**Work request**. The complete listing that follows is to be set down again, exactly as it appears.

**Data provided**.

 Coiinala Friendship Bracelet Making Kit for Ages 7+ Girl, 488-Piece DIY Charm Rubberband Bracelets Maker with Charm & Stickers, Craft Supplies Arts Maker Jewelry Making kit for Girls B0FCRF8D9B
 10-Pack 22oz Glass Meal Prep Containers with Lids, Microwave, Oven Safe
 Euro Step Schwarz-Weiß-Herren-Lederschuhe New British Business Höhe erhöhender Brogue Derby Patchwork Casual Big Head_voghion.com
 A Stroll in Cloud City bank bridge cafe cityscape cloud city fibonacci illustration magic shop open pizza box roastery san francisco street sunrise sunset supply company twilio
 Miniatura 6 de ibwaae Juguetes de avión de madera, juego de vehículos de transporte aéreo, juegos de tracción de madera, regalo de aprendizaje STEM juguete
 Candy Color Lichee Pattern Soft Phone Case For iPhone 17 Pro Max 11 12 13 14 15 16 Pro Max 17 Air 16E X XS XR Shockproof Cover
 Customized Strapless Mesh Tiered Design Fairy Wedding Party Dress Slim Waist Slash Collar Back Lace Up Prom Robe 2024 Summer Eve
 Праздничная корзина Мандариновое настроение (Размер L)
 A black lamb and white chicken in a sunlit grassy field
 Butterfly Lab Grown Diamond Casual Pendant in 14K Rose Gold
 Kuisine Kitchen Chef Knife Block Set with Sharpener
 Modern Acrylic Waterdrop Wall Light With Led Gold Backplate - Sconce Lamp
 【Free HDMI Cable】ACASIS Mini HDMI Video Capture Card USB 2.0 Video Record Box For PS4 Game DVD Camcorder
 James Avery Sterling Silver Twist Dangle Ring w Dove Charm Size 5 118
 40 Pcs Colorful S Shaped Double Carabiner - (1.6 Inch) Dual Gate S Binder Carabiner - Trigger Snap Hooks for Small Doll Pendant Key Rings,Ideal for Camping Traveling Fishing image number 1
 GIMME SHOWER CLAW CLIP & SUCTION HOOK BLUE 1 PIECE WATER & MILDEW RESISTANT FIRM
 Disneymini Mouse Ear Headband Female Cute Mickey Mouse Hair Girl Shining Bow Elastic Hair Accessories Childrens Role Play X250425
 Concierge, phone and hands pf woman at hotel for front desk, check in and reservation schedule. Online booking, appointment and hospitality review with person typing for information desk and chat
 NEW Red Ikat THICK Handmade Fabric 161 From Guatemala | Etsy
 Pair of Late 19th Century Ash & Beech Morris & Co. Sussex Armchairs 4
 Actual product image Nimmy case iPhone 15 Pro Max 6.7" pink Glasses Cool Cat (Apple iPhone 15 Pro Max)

**The completed task**.
 Coiinala Friendship Bracelet Making Kit for Ages 7+ Girl, 488-Piece DIY Charm Rubberband Bracelets Maker with Charm & Stickers, Craft Supplies Arts Maker Jewelry Making kit for Girls B0FCRF8D9B
 10-Pack 22oz Glass Meal Prep Containers with Lids, Microwave, Oven Safe
 Euro Step Schwarz-Weiß-Herren-Lederschuhe New British Business Höhe erhöhender Brogue Derby Patchwork Casual Big Head_voghion.com
 A Stroll in Cloud City bank bridge cafe cityscape cloud city fibonacci illustration magic shop open pizza box roastery san francisco street sunrise sunset supply company twilio
 Miniatura 6 de ibwaae Juguetes de avión de madera, juego de vehículos de transporte aéreo, juegos de tracción de madera, regalo de aprendizaje STEM juguete
 Candy Color Lichee Pattern Soft Phone Case For iPhone 17 Pro Max 11 12 13 14 15 16 Pro Max 17 Air 16E X XS XR Shockproof Cover
 Customized Strapless Mesh Tiered Design Fairy Wedding Party Dress Slim Waist Slash Collar Back Lace Up Prom Robe 2024 Summer Eve
 Праздничная корзина Мандариновое настроение (Размер L)
 A black lamb and white chicken in a sunlit grassy field
 Butterfly Lab Grown Diamond Casual Pendant in 14K Rose Gold
 Kuisine Kitchen Chef Knife Block Set with Sharpener
 Modern Acrylic Waterdrop Wall Light With Led Gold Backplate - Sconce Lamp
 【Free HDMI Cable】ACASIS Mini HDMI Video Capture Card USB 2.0 Video Record Box For PS4 Game DVD Camcorder
 James Avery Sterling Silver Twist Dangle Ring w Dove Charm Size 5 118
 40 Pcs Colorful S Shaped Double Carabiner - (1.6 Inch) Dual Gate S Binder Carabiner - Trigger Snap Hooks for Small Doll Pendant Key Rings,Ideal for Camping Traveling Fishing image number 1
 GIMME SHOWER CLAW CLIP & SUCTION HOOK BLUE 1 PIECE WATER & MILDEW RESISTANT FIRM
 Disneymini Mouse Ear Headband Female Cute Mickey Mouse Hair Girl Shining Bow Elastic Hair Accessories Childrens Role Play X250425
 Concierge, phone and hands pf woman at hotel for front desk, check in and reservation schedule. Online booking, appointment and hospitality review with person typing for information desk and chat
 NEW Red Ikat THICK Handmade Fabric 161 From Guatemala | Etsy
 Pair of Late 19th Century Ash & Beech Morris & Co. Sussex Armchairs 4
 Actual product image Nimmy case iPhone 15 Pro Max 6.7" pink Glasses Cool Cat (Apple iPhone 15 Pro Max)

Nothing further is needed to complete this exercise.